Assigned task
Exact copies of the lines from the one with "a man surfing the waves on a kenya beach" through the last line of the entries, and no pictures, make up the answer.

Data under study
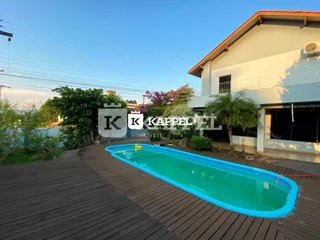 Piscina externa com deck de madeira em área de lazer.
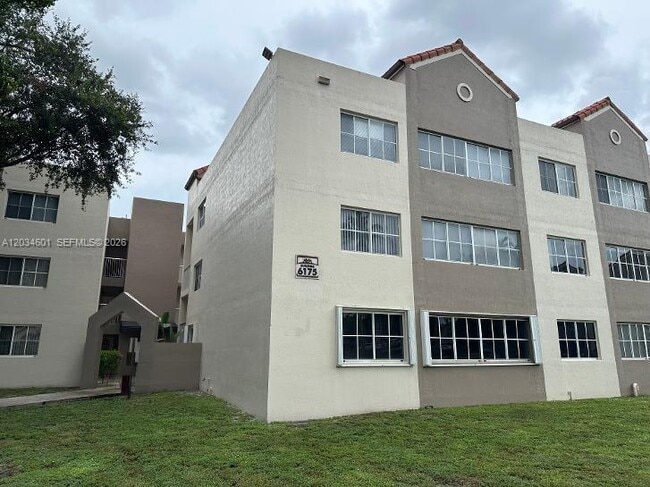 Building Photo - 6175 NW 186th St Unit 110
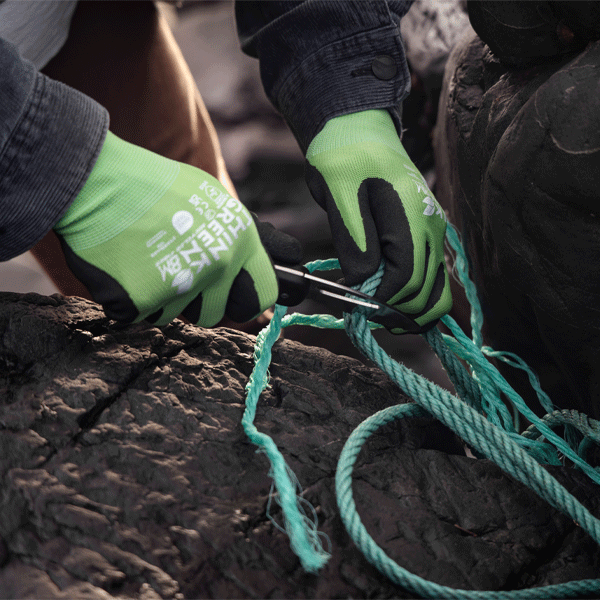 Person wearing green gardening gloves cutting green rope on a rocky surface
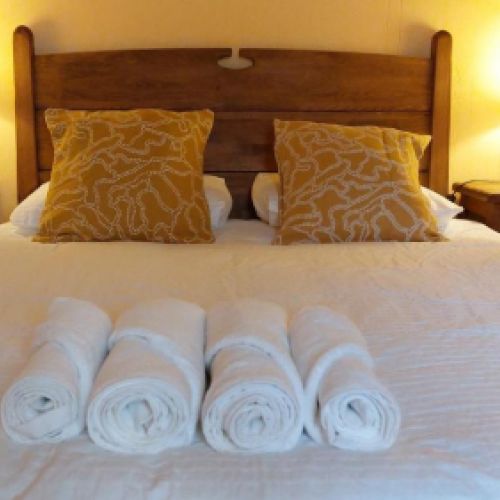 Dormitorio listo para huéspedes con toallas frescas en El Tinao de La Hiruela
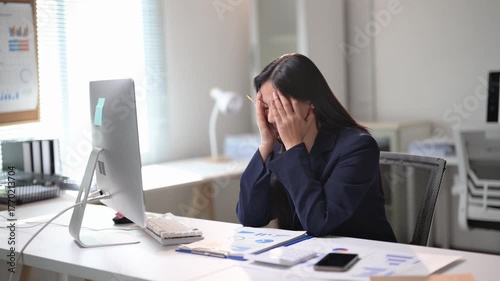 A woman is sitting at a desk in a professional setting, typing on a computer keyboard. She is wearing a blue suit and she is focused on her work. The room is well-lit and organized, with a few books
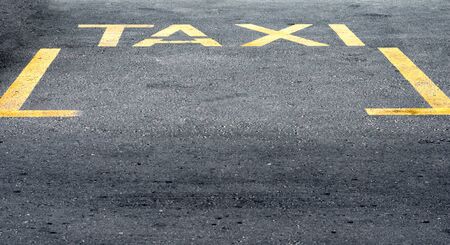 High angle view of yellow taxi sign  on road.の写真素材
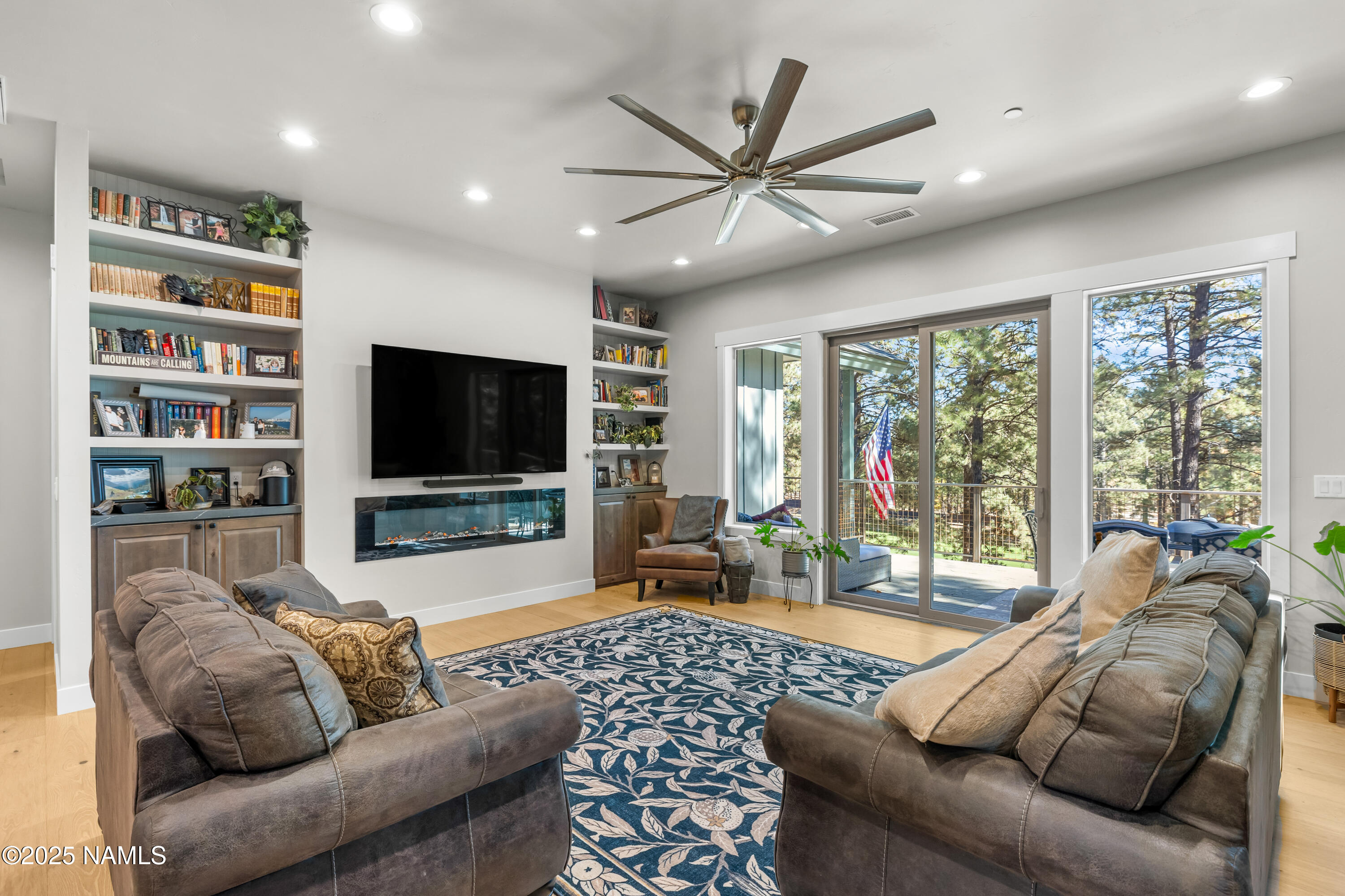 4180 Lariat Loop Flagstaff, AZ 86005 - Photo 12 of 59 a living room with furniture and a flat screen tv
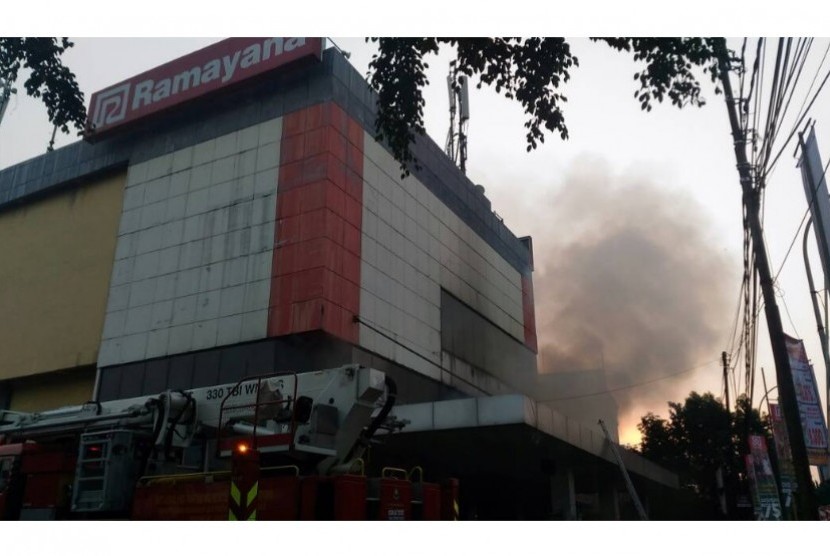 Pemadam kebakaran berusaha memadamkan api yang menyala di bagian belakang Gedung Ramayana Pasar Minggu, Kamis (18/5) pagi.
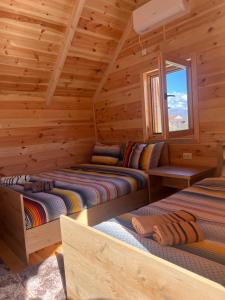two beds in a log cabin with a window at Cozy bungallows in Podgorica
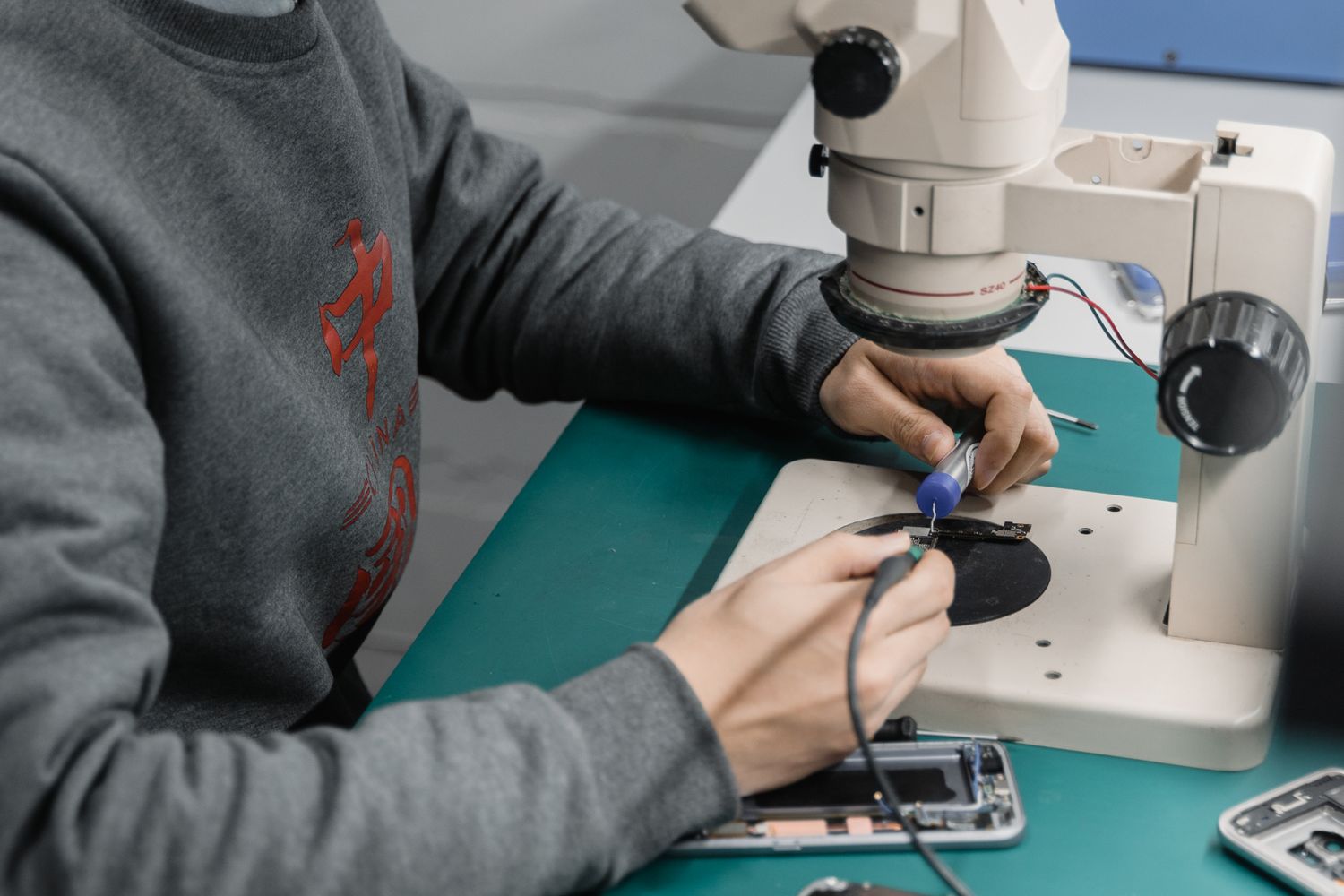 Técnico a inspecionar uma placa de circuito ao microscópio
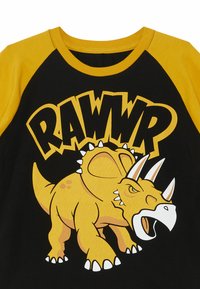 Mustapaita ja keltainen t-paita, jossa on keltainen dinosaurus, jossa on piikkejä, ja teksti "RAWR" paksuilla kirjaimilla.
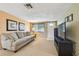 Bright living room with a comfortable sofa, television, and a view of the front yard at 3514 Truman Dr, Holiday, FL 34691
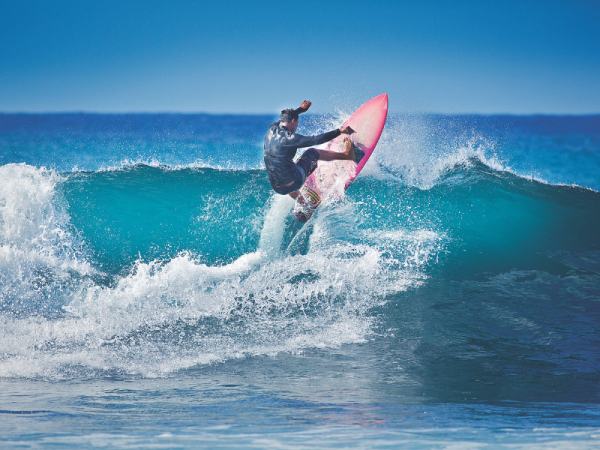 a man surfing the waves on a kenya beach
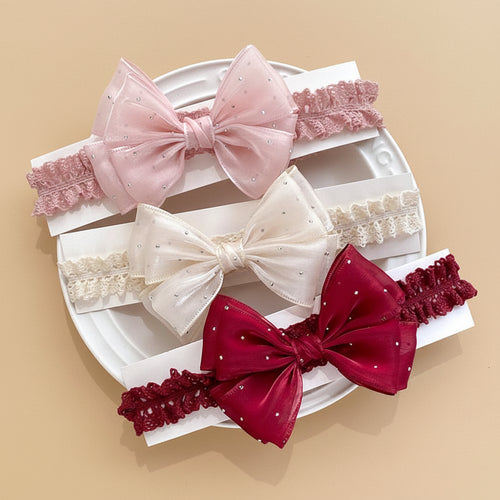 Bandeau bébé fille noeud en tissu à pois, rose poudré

Result
 a man surfing the waves on a kenya beach
 Bandeau bébé fille noeud en tissu à pois, rose poudré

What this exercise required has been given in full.